TRY IT: Repeat every entry below exactly.

Top of DATASET CONTENT

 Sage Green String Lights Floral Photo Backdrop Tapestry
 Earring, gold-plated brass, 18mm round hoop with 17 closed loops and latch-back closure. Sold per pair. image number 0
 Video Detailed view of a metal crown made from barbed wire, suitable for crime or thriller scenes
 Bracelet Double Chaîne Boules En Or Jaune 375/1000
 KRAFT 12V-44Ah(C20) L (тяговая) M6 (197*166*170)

Bottom of DATASET CONTENT

OUTPUT OF THE EXERCISE:
 Sage Green String Lights Floral Photo Backdrop Tapestry
 Earring, gold-plated brass, 18mm round hoop with 17 closed loops and latch-back closure. Sold per pair. image number 0
 Video Detailed view of a metal crown made from barbed wire, suitable for crime or thriller scenes
 Bracelet Double Chaîne Boules En Or Jaune 375/1000
 KRAFT 12V-44Ah(C20) L (тяговая) M6 (197*166*170)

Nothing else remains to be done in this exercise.